I had an interesting thought about this music in relation to the minimalism of Philip Glass and others. I often feel that the minimalist composers are not very compassionate to the people who have to perform their pieces. I did wonder whether the pieces on “The Expanding Universe”, written to be performed by a computer, are in fact more human (and humane) than the pieces composed with the intention to be performed by humans. I guess it is a minor point.
I have not listened to Daphni’s “JiaoLong” anywhere near enough. I know this because every time that I do listen to it, I have a whale of a time. In many ways it is a similar album to Four Tet’s “Pink” (which I wrote about last month): a collection of tracks recorded for various twelve inches and DJ sets – this time by Dan Snaith, the central brain behind Manitoba/Caribou. These tracks are clearly geared toward the dancefloor, no mucking about, and they are all the more enjoyable for it. I tried to do some work while listening to this and I just ended up dancing along instead.

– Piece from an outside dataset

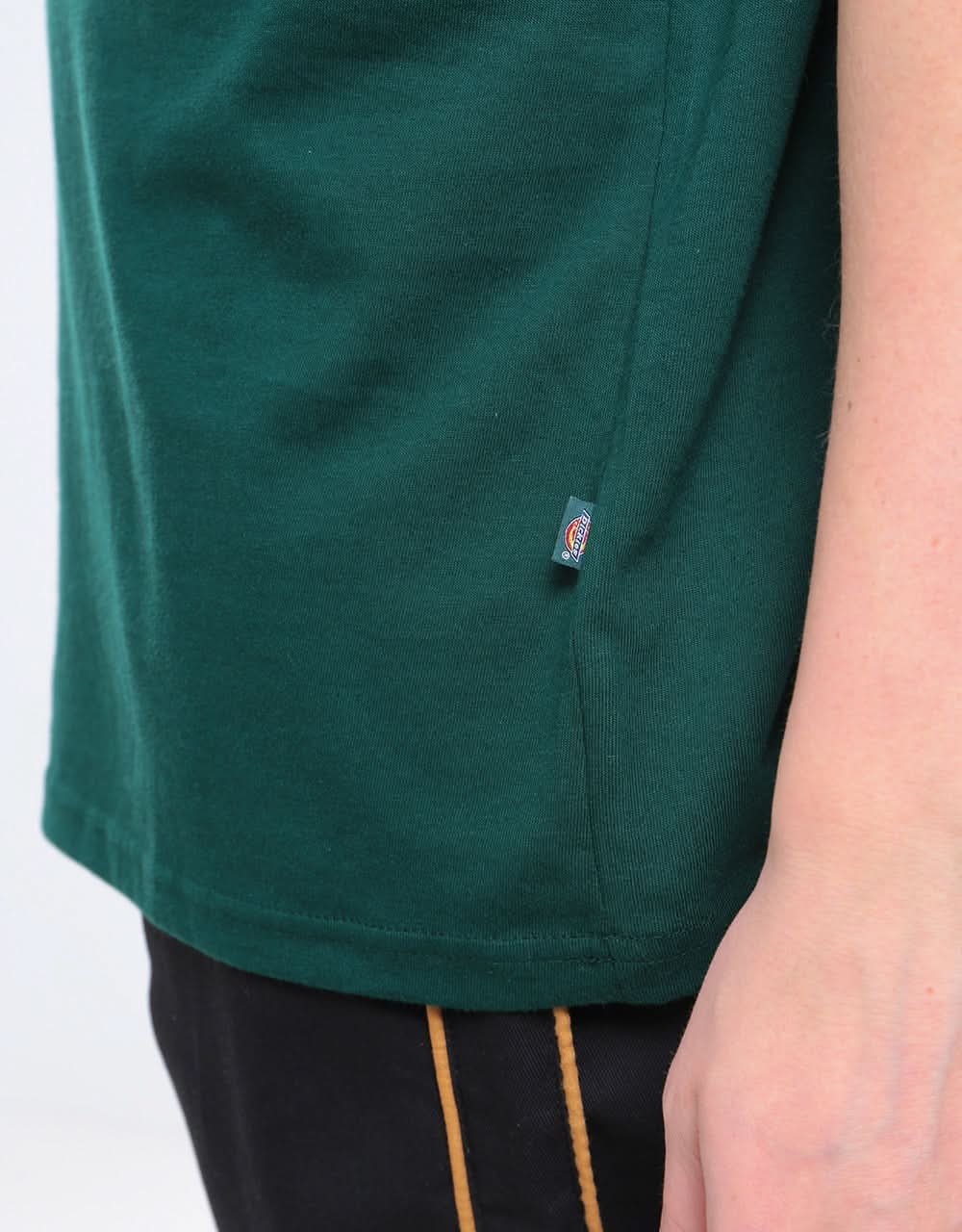Dickies Icon Logo T-Shirt - Ponderosa Pine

Another thing I like about this album is that it is pretty brief, so nothing overstays its welcome. My favourite tracks: “Yes, I Know” a wonderful collision between something really wiggy like Vitalic’s “Poney” and a 70’s dancefloor hit… …that sounds like it’s playing in a dustbin; “Pairs” a steady simple track that is grafiti’d with all manner of basslines and synth squiggles; “Springs” which descends into tweaky acid madness that really does make you think of springs; “Long”, a warm and hazy closing track that is probably as warm and cosy as a track still aimed squarely at the floor could possibly be.

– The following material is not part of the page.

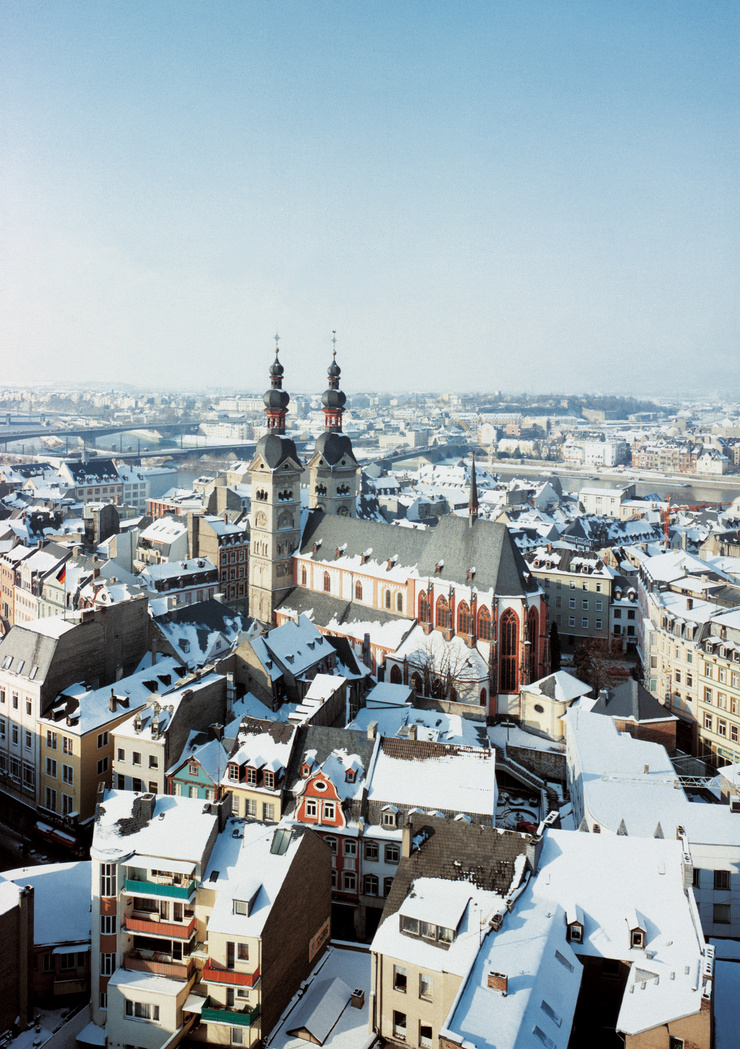 Koblenz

“Mala In Cuba” is an intruiging dubstep album built out of samples sourced by Mala on a trip to Cuba. Unfortunately, while it is certainly an interesting listen, I found that the fusion of the two worlds was not quite as complete as I’d hoped. It strikes me as much more of a dubstep album than one filled with references to Cuba or Cuban music. In fact it isn’t really until about halfway through the album (“Como Como”) when a bit of real latin flavour really starts to shine through. “Cuba Electronic” (which follows “Como Como”) is probably the first successful attempt to produce something genuinely new on the album – a wonderful skittering rush that leans heavily on latin percussion samples. Up until then there are clearly latin sounds present but the atmosphere is much more Hoxton than Havana, it’s a rather homeopathic infusion of latin beats into the dubstep sound. (However I do need to listen to it a few more times…)

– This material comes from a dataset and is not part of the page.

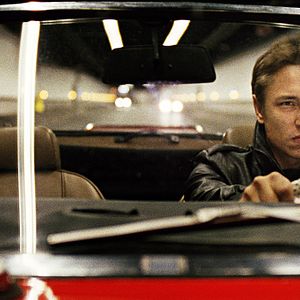 Fotoğraf Vincent Rottiers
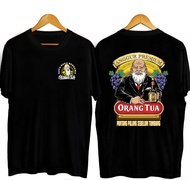 KAOS KATA KATA ANGGUR PREMIUM ORANGTUA BIG SIZE JUMBO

I think the track that really hammers home just how good an album “Mala In Cuba” could have been is the final track “Noche Sueños”: the vocal helps to establish the flavour but I also think it is the reason for retaining more instrumentation so that while the synths and drum machines provide surface detail, there are also some organic elements that help to sustain the atmosphere. However, listening to the track again for the purposes of writing this, I found that there were more electronics present than I remembered – again showing how much more successful “Noche Sueños” is compared to the rest of the project.